▸ Task prompt
Leaving out every picture, copy the lines of the data exactly, from the first through the line containing "Now you're going".

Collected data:

-*-

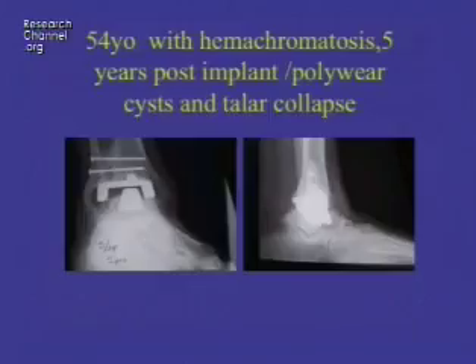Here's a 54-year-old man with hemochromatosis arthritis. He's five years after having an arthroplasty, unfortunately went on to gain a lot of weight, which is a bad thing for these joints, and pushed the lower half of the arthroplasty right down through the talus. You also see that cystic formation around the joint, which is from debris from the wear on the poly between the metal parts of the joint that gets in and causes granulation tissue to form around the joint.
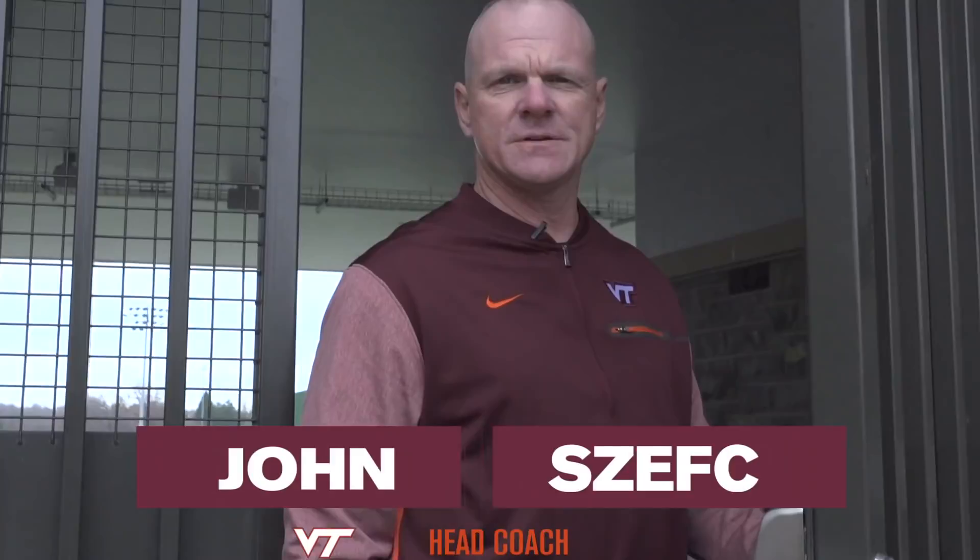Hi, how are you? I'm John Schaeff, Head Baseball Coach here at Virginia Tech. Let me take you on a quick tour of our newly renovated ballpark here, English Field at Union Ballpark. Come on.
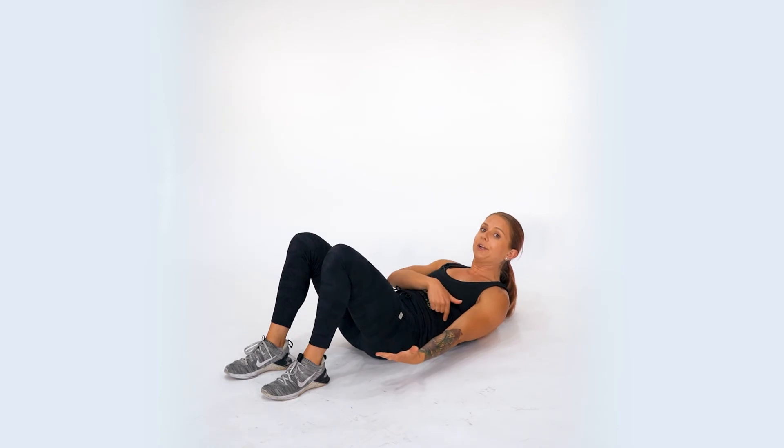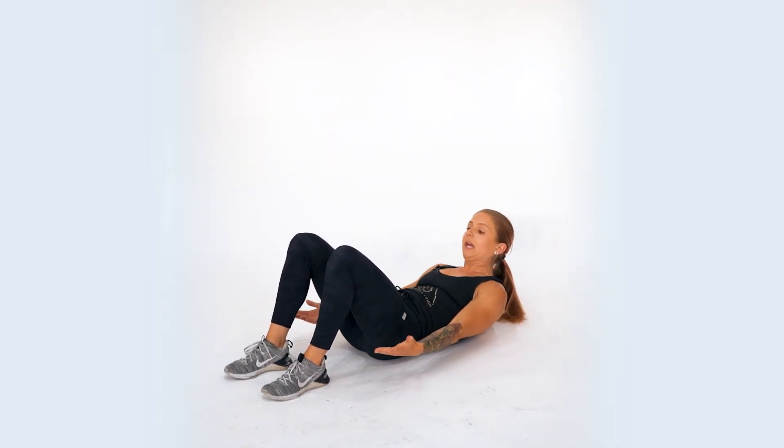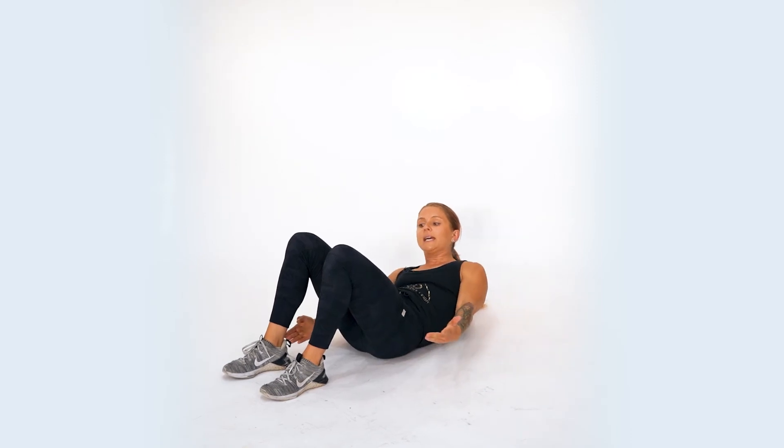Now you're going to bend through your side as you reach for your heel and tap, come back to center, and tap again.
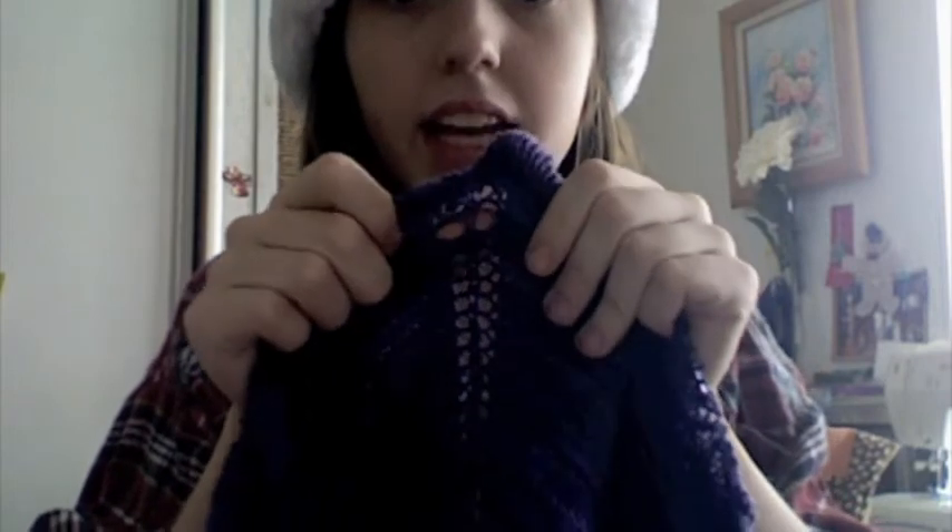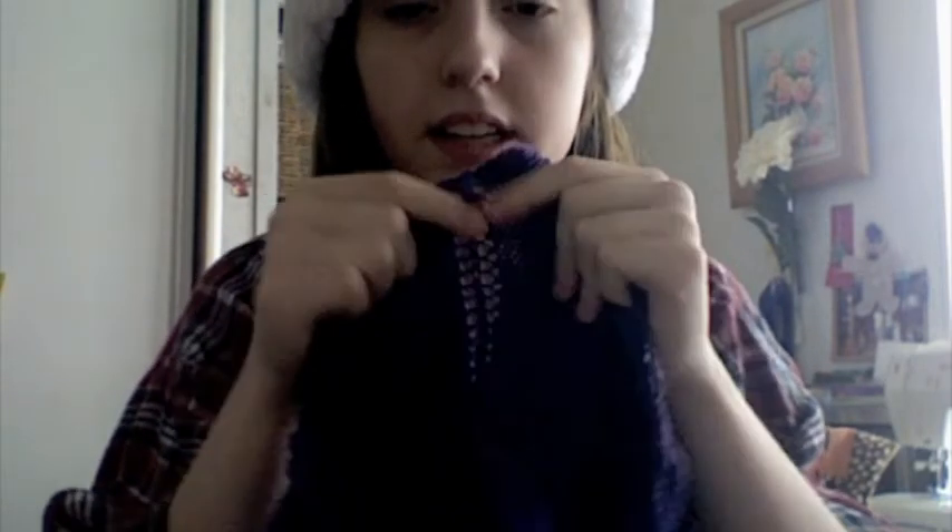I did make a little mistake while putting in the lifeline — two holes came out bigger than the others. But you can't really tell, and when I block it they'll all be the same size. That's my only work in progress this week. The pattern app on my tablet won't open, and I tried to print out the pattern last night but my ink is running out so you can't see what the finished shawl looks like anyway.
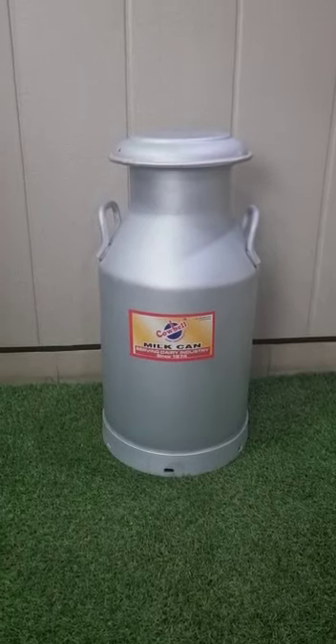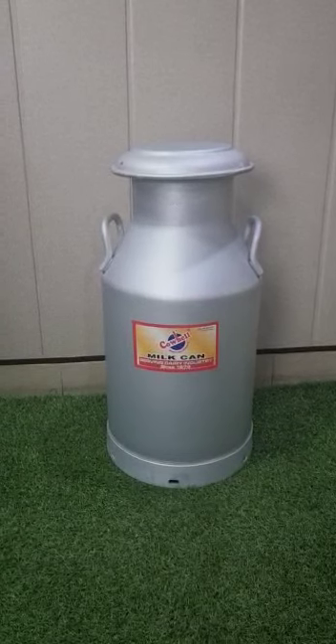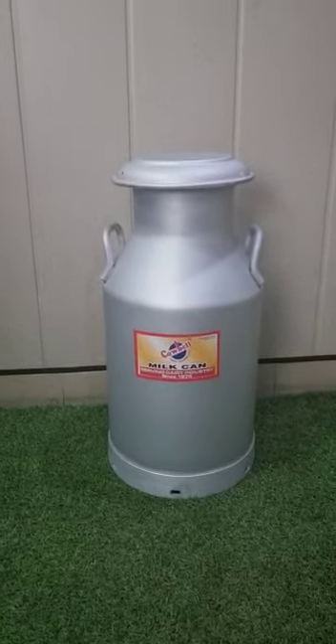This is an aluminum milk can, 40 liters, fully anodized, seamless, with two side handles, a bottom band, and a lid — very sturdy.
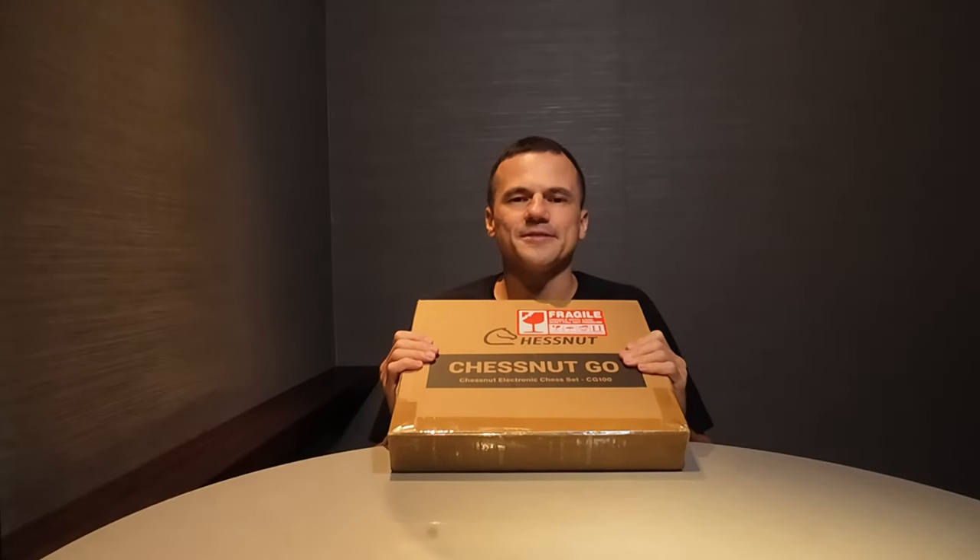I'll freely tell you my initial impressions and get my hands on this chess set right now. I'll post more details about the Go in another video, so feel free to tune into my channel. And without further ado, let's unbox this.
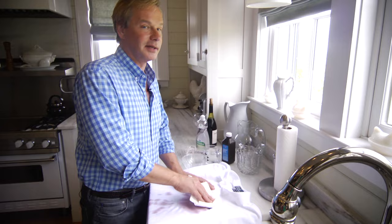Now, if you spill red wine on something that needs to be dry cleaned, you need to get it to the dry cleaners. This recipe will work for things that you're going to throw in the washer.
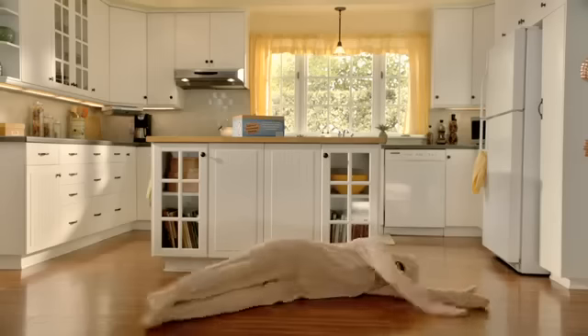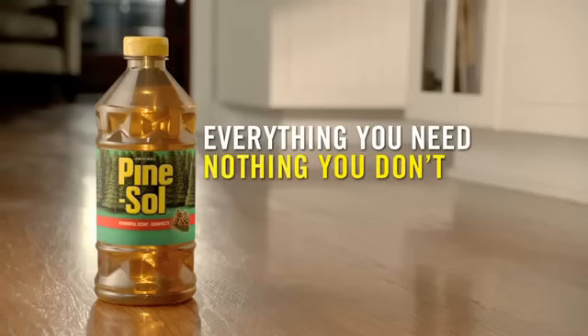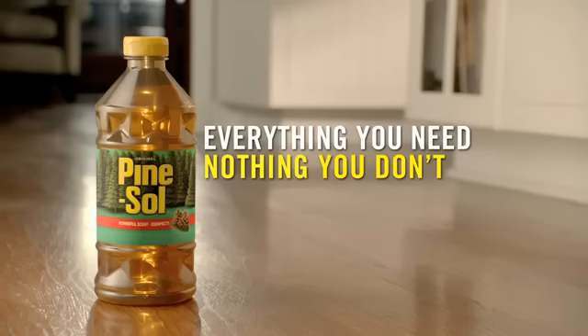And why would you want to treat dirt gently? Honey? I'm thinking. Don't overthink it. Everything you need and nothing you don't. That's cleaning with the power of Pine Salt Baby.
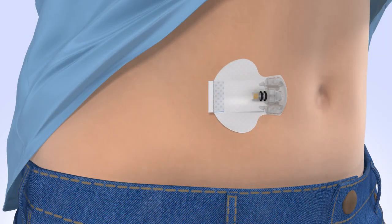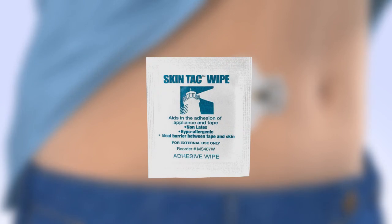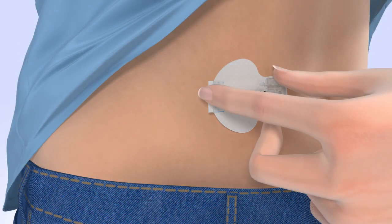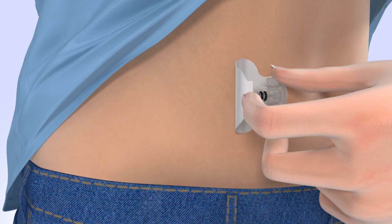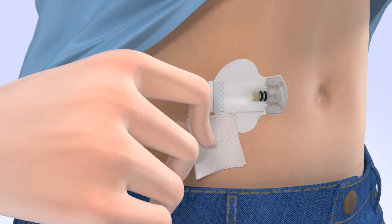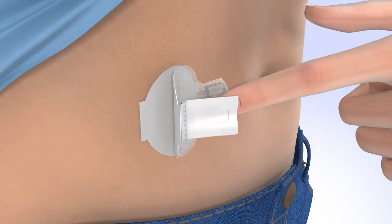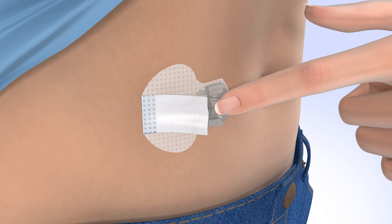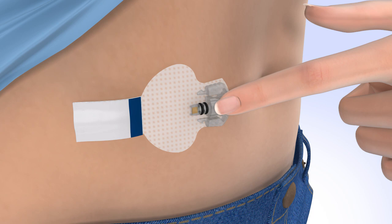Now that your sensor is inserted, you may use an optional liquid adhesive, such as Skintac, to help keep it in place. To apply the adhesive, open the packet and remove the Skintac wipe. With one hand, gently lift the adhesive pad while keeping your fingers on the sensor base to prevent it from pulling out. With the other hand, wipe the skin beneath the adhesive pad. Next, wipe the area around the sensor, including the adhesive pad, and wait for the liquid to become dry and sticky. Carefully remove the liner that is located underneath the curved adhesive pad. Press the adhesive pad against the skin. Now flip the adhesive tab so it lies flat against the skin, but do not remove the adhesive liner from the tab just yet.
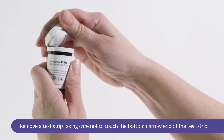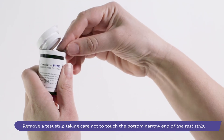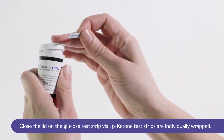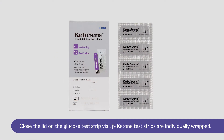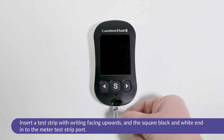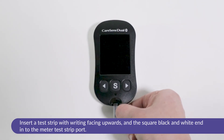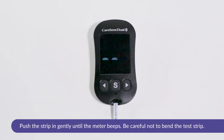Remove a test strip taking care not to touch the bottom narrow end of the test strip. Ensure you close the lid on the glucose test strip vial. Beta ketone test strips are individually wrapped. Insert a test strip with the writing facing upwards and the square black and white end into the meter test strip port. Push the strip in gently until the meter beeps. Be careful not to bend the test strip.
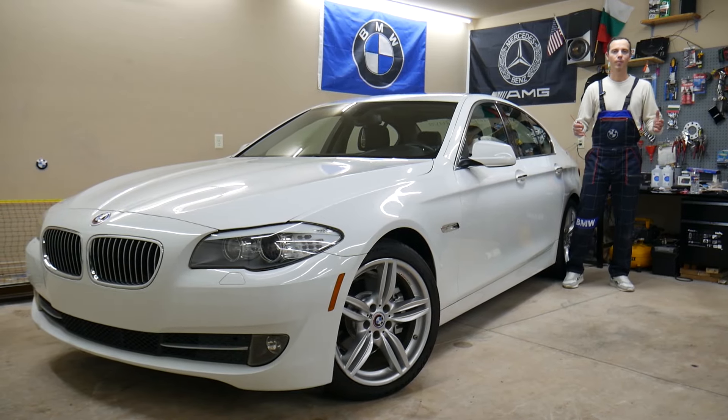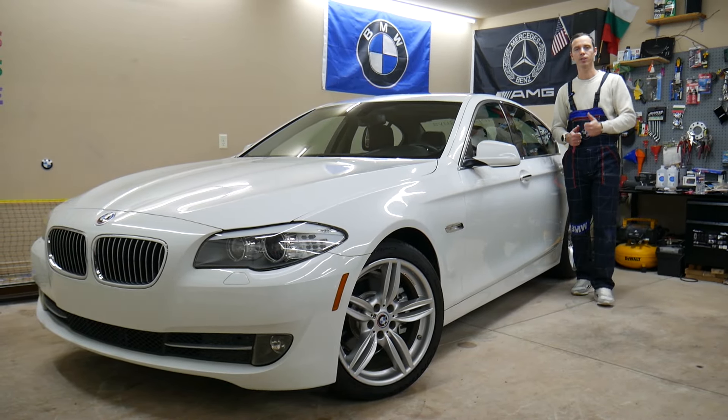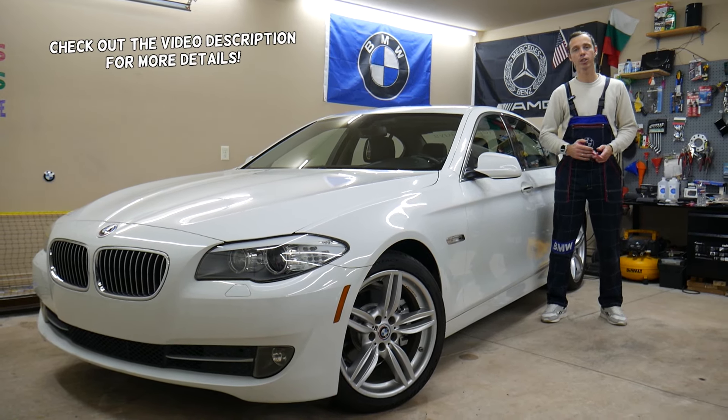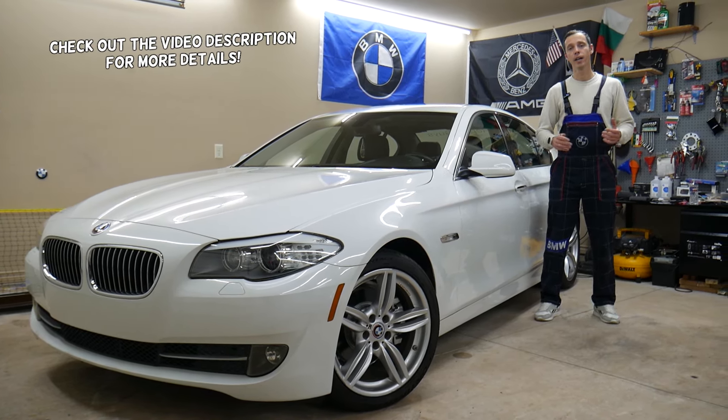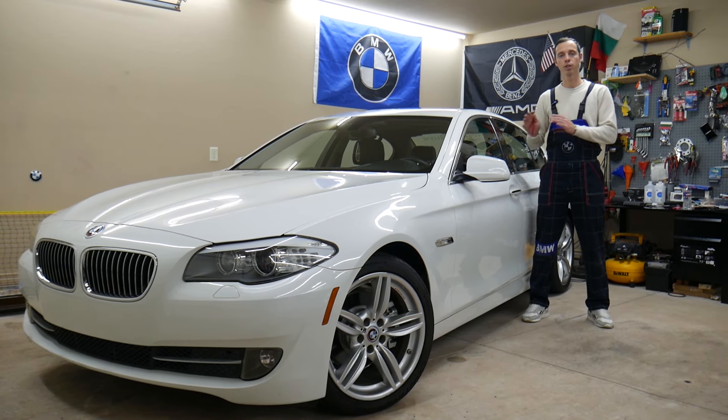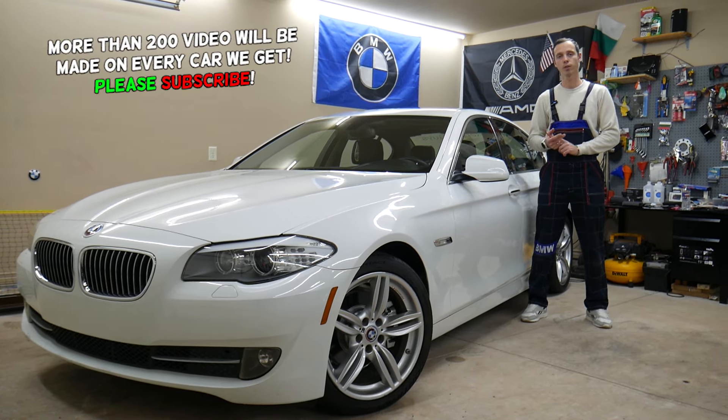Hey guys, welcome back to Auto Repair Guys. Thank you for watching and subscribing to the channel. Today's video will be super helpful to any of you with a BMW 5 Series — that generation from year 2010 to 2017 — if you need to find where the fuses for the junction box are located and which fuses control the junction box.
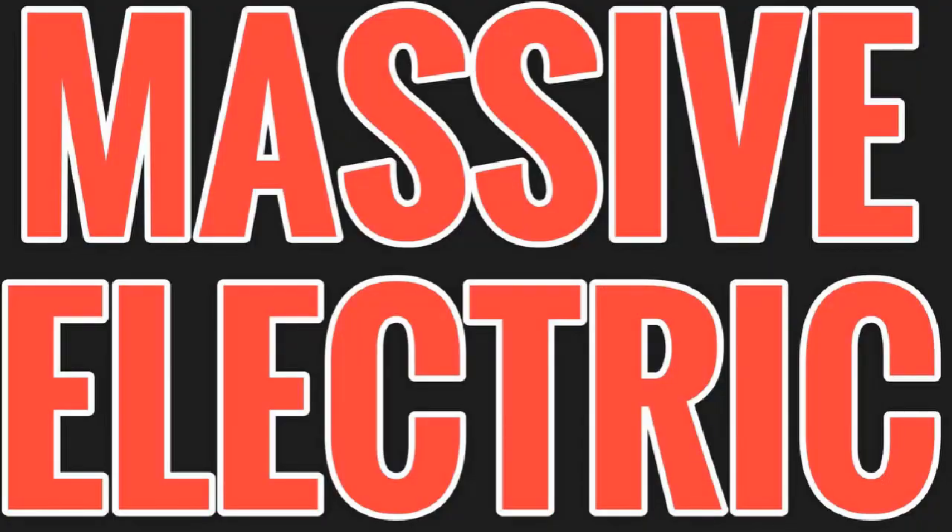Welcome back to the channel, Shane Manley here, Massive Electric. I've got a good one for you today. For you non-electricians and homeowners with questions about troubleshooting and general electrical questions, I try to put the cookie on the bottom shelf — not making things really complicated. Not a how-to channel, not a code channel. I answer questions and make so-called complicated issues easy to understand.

-*-

▸ Answer for the task
Here's a 54-year-old man with hemochromatosis arthritis. He's five years after having an arthroplasty, unfortunately went on to gain a lot of weight, which is a bad thing for these joints, and pushed the lower half of the arthroplasty right down through the talus. You also see that cystic formation around the joint, which is from debris from the wear on the poly between the metal parts of the joint that gets in and causes granulation tissue to form around the joint.
Hi, how are you? I'm John Schaeff, Head Baseball Coach here at Virginia Tech. Let me take you on a quick tour of our newly renovated ballpark here, English Field at Union Ballpark. Come on.
Now you're going to bend through your side as you reach for your heel and tap, come back to center, and tap again.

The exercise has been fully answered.